Wings to show you what you can become,
Roots to remind you where you're from.
"I was always impressed with UU's rejection of dogma and embrace of skepticism and individual inquiry," writes RE alum, Tristan McDowell van Tine, son of Robin and Lucy. Some remember him for his long hair, long black coat, and his involvement with the Earthrising movement. "It's not easy to keep oneself from falling into dogmatic patterns of thought, whether on the Right or Left,” he adds. “Self-criticism is painful, but crucial....Justice does not exist independently in the world: we must create it through collective action."
Tristan has always loved music. (What a surprise?) "As a teenager,” he says, “I imagined I would become a composer or, at least, a music theory professor." In high school and college, he studied music theory, composition, and voice. As an undergraduate at UVA he even got to sing opera at the Universty's Operafestival di Roma in Italy and was president of the School's Glee Club.
With these two interests, Tristan double-majored in music and philosophy at UVA, graduating in 2004. Going on to graduate school at William and Mary Law School, however, he put his music aside to concentrate on earning his Juris Doctor degree, which he received in 2009. Hired by a law firm in Louisville, Kentucky, he practiced business law for two years before returning to academia, this time to teach. Today, through the magic of the Internet, Professor van Tine manages to teach business law and criminal justice courses, in person or on line, at Saint Leo University, Southern New Hampshire University, Bryant & Stratton College, and ECPI University. He has also just been hired to teach at the local Thomas Community College.

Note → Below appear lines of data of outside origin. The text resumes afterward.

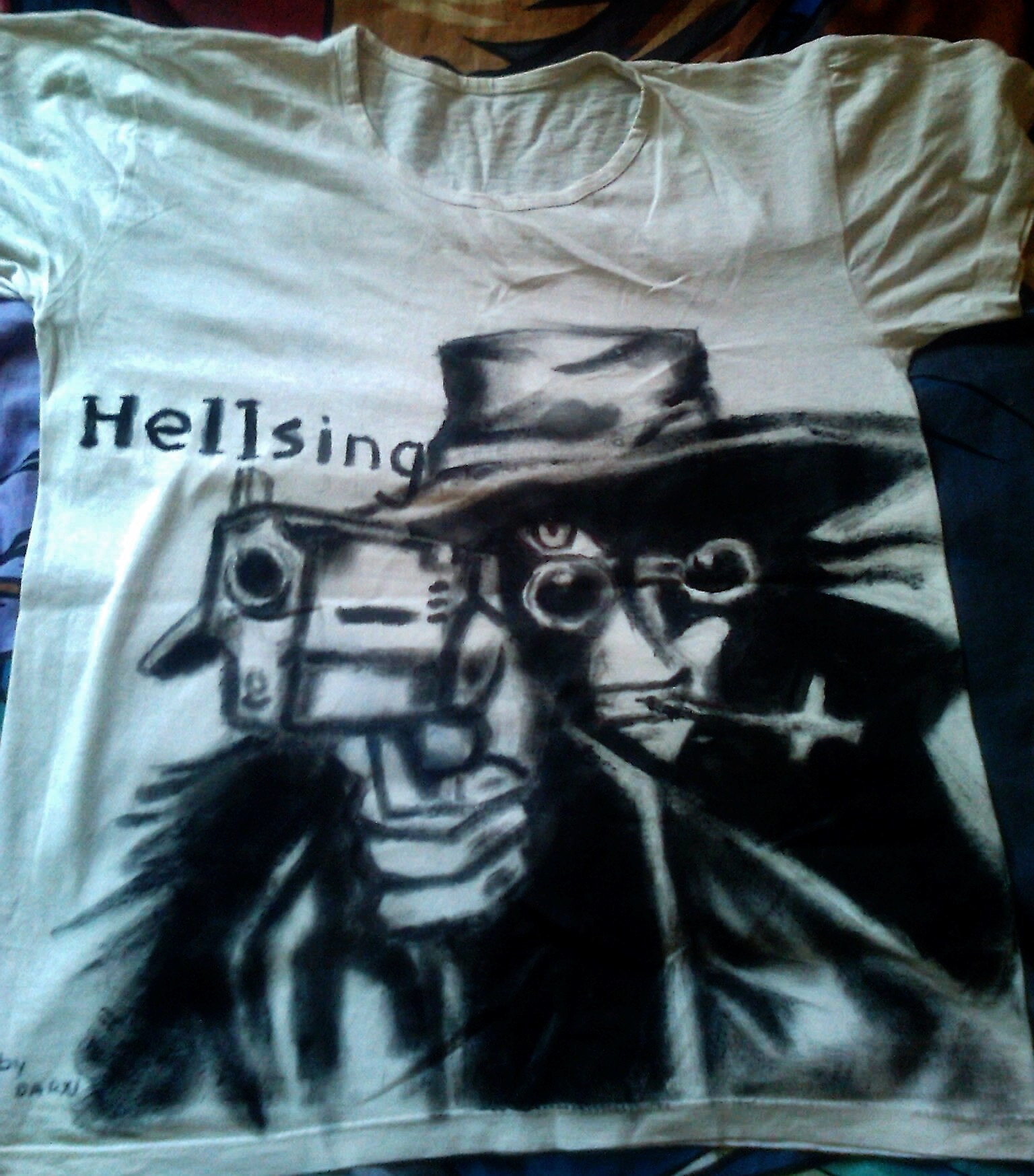 hellsing  t-shirt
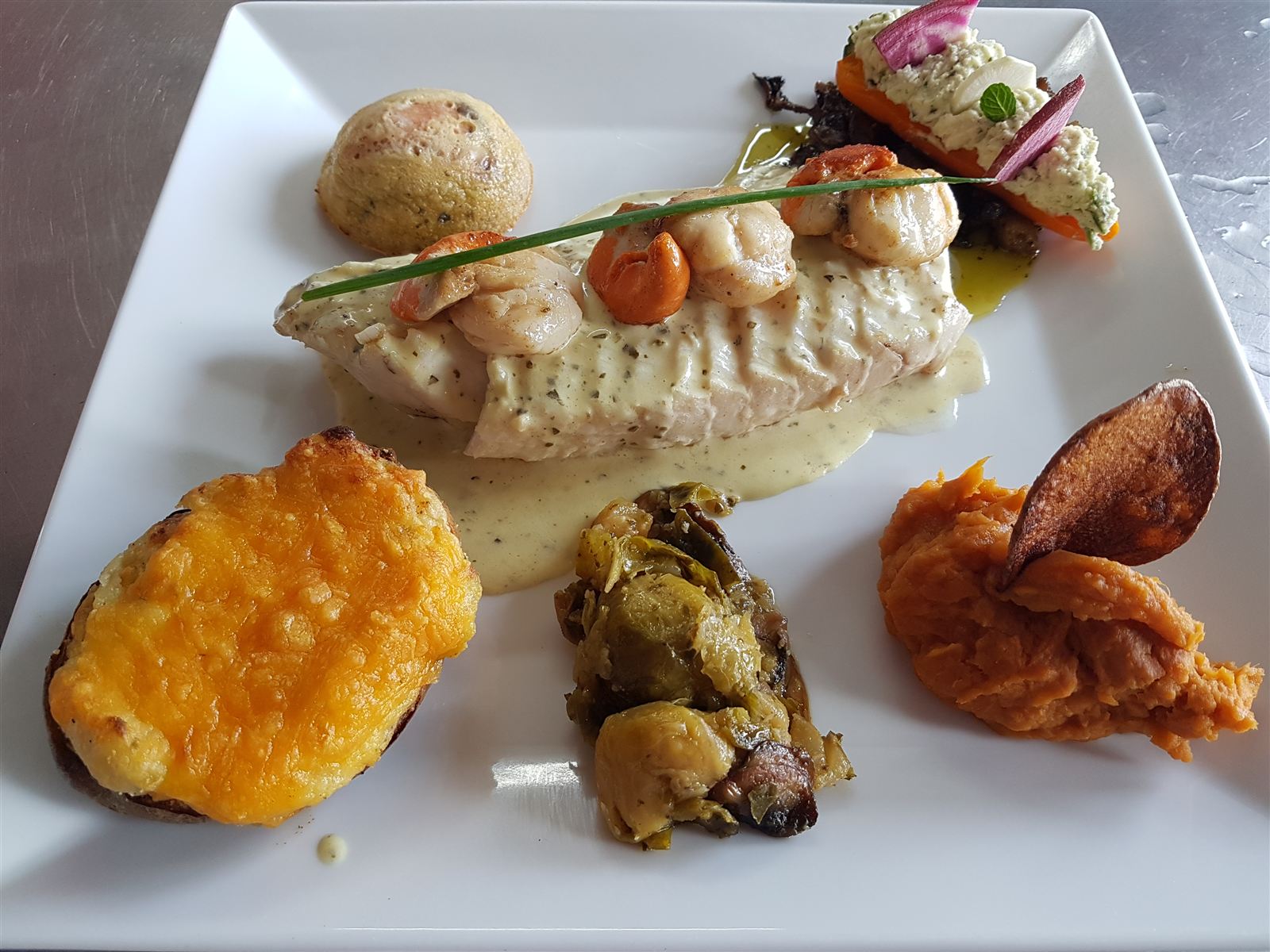 Poisson et Saint-Jacques, garniture composée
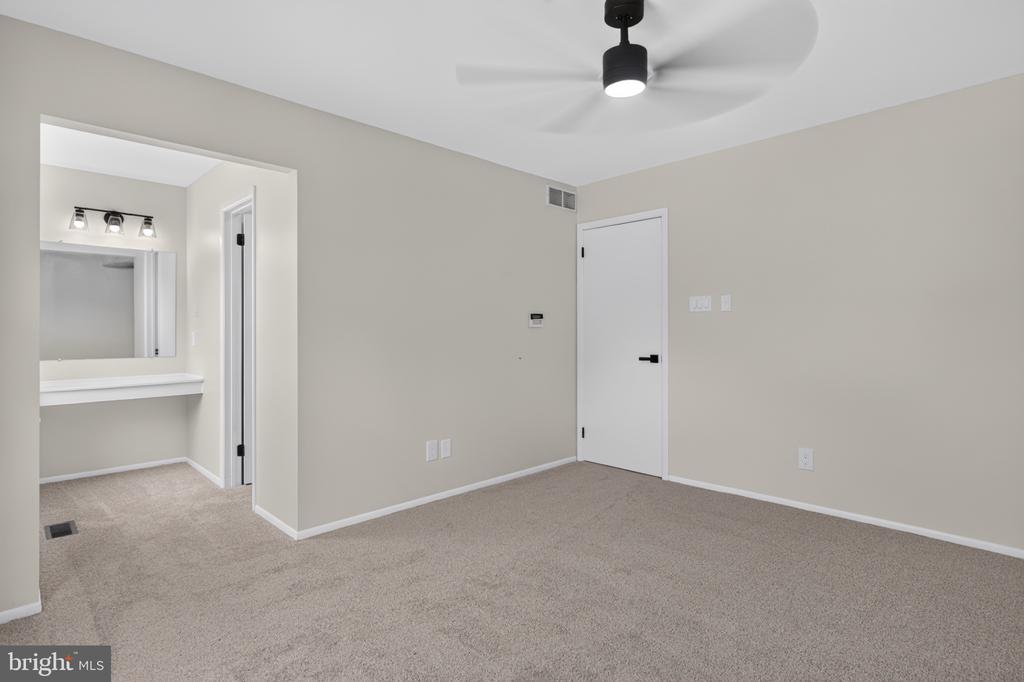 27 TALLOWOOD DRIVE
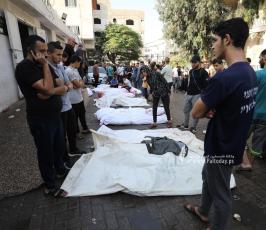  جثامين الشهداء امام ثلاجات مجمع الشفاء الطبى (1)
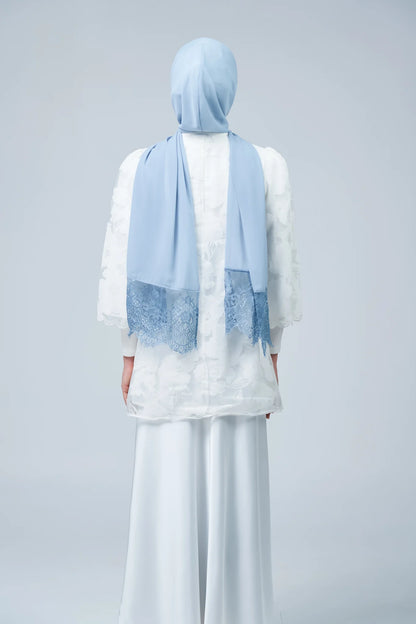 HoodX Lace in Dusty Blue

But the music hasn’t been forgotten. “A couple of years ago, I got back into composing,” Tristan says. And he has sung, “on and off” with the Virginia Choral Society, when work schedule permits.
He did, though, find time to meet and marry his wife, “Shalon,” who also teaches college. In the fall, she will begin her doctoral studies in history at Ohio University. They will be moving there shortly. While she does not sing or play an instrument, Shalon does share his love of music, and they attend concerts together. As to children, Tristan and Shalon are not planning on any, but they are looking forward to a couple of dogs, once they get settled in Ohio.